Derivatively, a concordance of corpus C is the set of the concordances of all word types Wi in C.
The following is a concordance of of in the first paragraph of the section ‘Reference entries’ of the page ‘Lemmatization’.
| reference | preceding context | target | following context |
|---|---|---|---|
| lemm 2.4, 01 | Lemmatization is a decision in favor | of | one form of an expression which |
| lemm 2.4, 01 | decision in favor of one form | of | an expression which is considered its |
| lemm 2.4, 04 | destined for users with imperfect knowledge | of | the language in question |
The reference to the place of the token identifies
- the particular text in the corpus,
- the chapter or section number,
- the line or sentence number.
The context of the token in question must be limited in some sensible way. Even if, for many applications, it would seem desirable to reproduce the entire containing sentence, this would be too expensive and also unnecessary in the case of long sentences. In principle, one could reproduce some suitable construction (phrase) containing the token in question. However, that would require a human analyst, and that is undesirable not only for economical reasons, but also because the concordance is supposed to serve as a theory-free analytical tool in the first place: it does not presuppose the analysis of syntactic constructions, but instead helps do them on an empirical basis. Therefore the context in a concordance is mostly clipped mechanically, e.g. by limiting it to a certain number of text words at either side of the target. The user can always find the full context by following up the reference.
A concordance is based on a word list of a corpus, for which see the section on lemmatization.
Concordances may be produced for many different purposes. For the lexicographer, they show the range of contextual variation of each word form in his corpus. He needs that for the following analytic steps:
- The tokens show semantic variation. Thus, the lexicographer can see the senses that the item has in his corpus, and can base decisions on homonymy vs. polysemy on the concordance.
- The tokens exhibit syntactic variation in the sense of occurring in different constructions. A concordance of a given word form may be sorted by the following context or – preferably in retrograde order – by the preceding context. Thus, the lexicographer can categorize the contexts, make a distributional analysis of the item in question and base decisions on its syntactic categorization on the concordance.
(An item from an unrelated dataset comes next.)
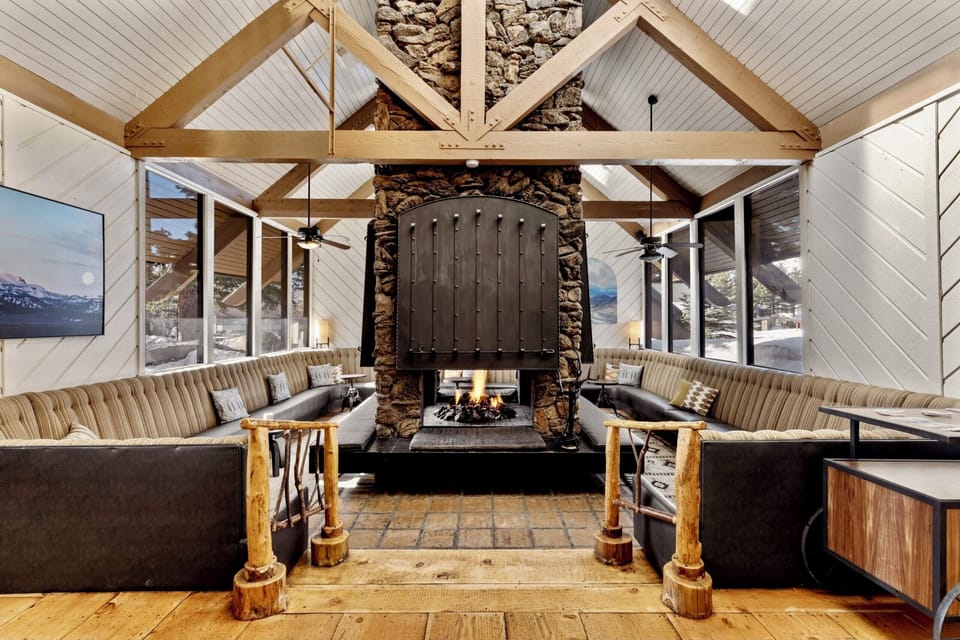 Unwind fireside in a grand lodge lounge with mountain views.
- If the concordances of all the word forms of a given lexeme are considered together, they display the range of inflectional variants documented in the corpus. Here, lemmatization and concordancing work hand in hand: On the one hand, the survey concordance of all the word forms of a given lexeme presupposes lemmatization. On the other hand, lemmatization as regards morphological variation presupposes the concordance of the whole corpus, as one can assign a morphological form to a lexeme only if one sees its syntactic context.